0000 0000 0000 0000 |
0.20.00000000e + 000 |
+ 0 |
0000 0000 0000 0001 |
4.9406564584124654e-324 |
1/(2 ^ 52) x 2 ^-1022 |
000f FFFF |
2.225074255072009e-308 |
. 5*(1-.5 ^ 52)/(1-.5) * 2 ^-1022 |
0010 0000 0000 0000 |
2.225074255072014e-308 |
1.0*2 ^-1022 |
0010 0000 0000 0001 |
2.225074255072019e-308 |
(1 + 1/2 ^ 52) * 2 ^ (-1022) |
001f FFFF |
4.20.1477170144023e-308 |
(1 +. 5*(1-.5 ^ 52)/(1-.5) * 2 ^-1022 |
0020 0000 0000 0000 |
4.20.1477170144028e-308 |
1.0*2 ^-1021 |
3ff0 0000 0000 0000 |
1.20.00000000e + 000 |
1.0 |
3ff0 0000 0000 0001 |
1.20.000000000002e + 000 |
1.0 + 1/(2 ^ 52) |
3fff FFFF |
1.9999999999999998e + 000 |
1 +. 5*(1-.5 ^ 52)/(1-.5) |
4000 0000 0000 0000 |
2.20.00000000e + 000 |
1.0*2 ^ 1 |
7fef FFFF |
1.7976931348623157e + 308 |
(1 +. 5*(1-.5 ^ 52)/(1-.5) * 2 ^ 1023 |
7ff0 0000 0000 0000 |
1. # infevery 00000000e + 000 |
+ INF |
7ff0 0000 0000 0001 |
1. # snan1_0000000e + 000 |
Snan |
7ff7 FFFF |
1. # snan1_0000000e + 000 |
Snan |
7ff8 0000 0000 0000 |
1. # qnan1_0000000e + 000 |
Qnan |
7fff FFFF |
1. # qnan1_0000000e + 000 |
Qnan |
8000 0000 0000 0000 |
0.20.00000000e + 000 |
-0 |
8000 0000 0000 0001 |
-4.9406564584124654e-324 |
-(1/(2 ^ 52) x 2 ^-1022) |
800f FFFF |
-2.225074255072009e-308 |
-(. 5*(1-.5 ^ 52)/(1-.5) * 2 ^-1022) |
8010 0000 0000 0000 |
-2.2250738585072014e-308 |
-(1.0*2 ^-1022) |
8010 0000 0000 0001 |
-2.225074255072019e-308 |
-(1 + 1/2 ^ 52) * 2 ^ (-1022 )) |
801f FFFF |
-4.20.1477170144023e-308 |
-(1 +. 5*(1-.5 ^ 52)/(1-.5) * 2 ^-1022) |
8020 0000 0000 0000 |
-4.20.1477170144028e-308 |
-(1.0*2 ^-1021) |
Bff0 0000 0000 0000 |
-1.20.00000000e + 000 |
-1.0 |
Bfff FFFF |
-1.9999999999999998e + 000 |
-(1 +. 5*(1-.5 ^ 52)/(1-.5 )) |
C000 0000 0000 0000 |
-2.20.00000000e + 000 |
-(1.0*2 ^ 1) |
Ffef FFFF |
-1. 7976931348623157e + 308 |
-(1 +. 5*(1-.5 ^ 52)/(1-.5) * 2 ^ 1023) |
Fff0 0000 0000 0000 |
-1. # infevery 00000000e + 000 |
-INF |
Fff0 0000 0000 0001 |
-1. # snan1_0000000e + 000 |
Snan |
Fff7 FFFF |
-1. # snan1_0000000e + 000 |
Snan |
Fff80000 0000 0000 |
-1. # ind000000000000e + 000 |
Qnan |
FFFF |
-1. # qnan1_0000000e + 000 |
Qnan |
From the table, we can see that the design of the double internal representation is quite regular, + 0, positive non-standard number, regular norm, positive infinity, positive Nan,-0, negative non-standard number, negative norm number, negative norm number, and negative norm number infinity, and the symbol bit is negative Nan.

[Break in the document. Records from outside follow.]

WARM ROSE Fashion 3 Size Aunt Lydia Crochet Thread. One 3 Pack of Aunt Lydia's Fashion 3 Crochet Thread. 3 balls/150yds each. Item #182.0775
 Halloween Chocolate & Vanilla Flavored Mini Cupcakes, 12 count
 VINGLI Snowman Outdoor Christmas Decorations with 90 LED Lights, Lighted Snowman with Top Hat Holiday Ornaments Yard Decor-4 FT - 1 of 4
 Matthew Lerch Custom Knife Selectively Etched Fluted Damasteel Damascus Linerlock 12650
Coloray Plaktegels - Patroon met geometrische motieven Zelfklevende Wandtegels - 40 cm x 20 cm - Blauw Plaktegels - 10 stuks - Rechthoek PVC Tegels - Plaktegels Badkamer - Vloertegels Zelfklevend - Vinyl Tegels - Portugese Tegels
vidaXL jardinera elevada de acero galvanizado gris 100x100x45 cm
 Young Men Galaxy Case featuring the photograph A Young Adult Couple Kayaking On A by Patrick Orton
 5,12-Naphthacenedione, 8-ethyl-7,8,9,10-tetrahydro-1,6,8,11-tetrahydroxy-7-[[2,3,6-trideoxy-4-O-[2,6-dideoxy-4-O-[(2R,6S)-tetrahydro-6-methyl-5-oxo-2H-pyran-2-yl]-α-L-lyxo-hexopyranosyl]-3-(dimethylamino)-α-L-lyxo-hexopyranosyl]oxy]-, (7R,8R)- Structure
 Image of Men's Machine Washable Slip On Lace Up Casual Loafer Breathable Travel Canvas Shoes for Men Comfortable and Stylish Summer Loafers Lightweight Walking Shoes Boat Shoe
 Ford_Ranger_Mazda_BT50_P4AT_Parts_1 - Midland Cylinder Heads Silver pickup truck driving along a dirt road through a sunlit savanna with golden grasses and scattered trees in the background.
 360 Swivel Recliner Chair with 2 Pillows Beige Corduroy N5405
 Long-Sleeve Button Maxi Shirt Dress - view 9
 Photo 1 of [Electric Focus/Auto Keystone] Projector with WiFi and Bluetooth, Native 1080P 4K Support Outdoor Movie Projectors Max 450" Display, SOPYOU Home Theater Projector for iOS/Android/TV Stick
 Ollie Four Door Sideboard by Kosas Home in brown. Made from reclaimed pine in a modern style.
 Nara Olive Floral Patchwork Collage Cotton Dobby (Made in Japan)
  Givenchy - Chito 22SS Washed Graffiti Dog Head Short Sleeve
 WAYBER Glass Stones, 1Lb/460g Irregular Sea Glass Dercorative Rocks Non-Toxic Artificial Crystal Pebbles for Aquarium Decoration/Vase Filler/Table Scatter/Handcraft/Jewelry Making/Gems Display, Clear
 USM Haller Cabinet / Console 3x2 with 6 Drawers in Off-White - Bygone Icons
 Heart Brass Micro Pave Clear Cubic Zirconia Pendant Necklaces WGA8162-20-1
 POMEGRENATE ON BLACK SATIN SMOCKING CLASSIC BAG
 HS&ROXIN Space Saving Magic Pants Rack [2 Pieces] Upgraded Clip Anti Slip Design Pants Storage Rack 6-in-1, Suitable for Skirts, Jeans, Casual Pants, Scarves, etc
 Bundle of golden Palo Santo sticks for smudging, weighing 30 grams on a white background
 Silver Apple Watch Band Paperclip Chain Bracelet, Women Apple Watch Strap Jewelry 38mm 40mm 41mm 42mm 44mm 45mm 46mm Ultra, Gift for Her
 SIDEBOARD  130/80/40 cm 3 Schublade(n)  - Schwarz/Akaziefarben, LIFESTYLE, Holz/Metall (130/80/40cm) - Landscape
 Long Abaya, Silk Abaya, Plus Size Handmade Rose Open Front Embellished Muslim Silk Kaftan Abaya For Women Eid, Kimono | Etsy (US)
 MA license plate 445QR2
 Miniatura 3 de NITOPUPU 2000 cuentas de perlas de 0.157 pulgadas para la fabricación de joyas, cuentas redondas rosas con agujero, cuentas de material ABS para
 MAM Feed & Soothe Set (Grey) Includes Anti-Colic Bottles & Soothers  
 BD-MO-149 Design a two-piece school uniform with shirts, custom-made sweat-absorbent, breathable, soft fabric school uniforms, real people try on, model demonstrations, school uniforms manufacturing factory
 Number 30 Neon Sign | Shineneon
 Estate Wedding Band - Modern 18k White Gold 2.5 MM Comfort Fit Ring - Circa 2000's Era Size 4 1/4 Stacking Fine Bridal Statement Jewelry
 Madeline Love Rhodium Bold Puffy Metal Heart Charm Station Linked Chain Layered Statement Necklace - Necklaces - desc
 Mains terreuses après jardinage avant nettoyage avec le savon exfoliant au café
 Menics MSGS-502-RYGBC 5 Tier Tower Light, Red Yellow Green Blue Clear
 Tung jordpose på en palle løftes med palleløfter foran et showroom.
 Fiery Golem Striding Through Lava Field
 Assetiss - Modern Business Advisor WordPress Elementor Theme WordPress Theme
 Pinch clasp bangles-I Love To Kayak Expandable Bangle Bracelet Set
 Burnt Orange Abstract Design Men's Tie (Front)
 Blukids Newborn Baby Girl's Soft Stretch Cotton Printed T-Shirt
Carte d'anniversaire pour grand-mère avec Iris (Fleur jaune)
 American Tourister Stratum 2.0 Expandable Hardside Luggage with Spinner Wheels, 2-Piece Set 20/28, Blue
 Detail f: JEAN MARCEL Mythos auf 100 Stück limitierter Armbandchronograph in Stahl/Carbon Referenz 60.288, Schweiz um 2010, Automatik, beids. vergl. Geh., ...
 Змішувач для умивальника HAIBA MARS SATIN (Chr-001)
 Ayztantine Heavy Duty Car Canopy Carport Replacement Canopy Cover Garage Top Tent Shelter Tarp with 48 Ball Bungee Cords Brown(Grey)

The design of the double internal representation maintains the order of floating point numbers. That is, if the positive double number is a <positive double number B, the 64-bit unsigned integer corresponding to a <B's 64-bit unsigned integer. Because the negative number has a different symbol, the order of the floating point number is the opposite to that of the corresponding integer. Float also has similar rules.
4 Conclusion
Float and INT are both 32bit, but the ending number of float is only 23bit. The precision of int is higher than that of float, and the value range of float is greater than that of Int. Float sacrifices precision in exchange for a larger representation range. The ending number of double is 52bit, which is higher than the 32-bit Int. Therefore, using dobule indicates that int has no loss of precision. Double is a common type of scientific computing. Understanding the inherent and limitations of double helps us better use it.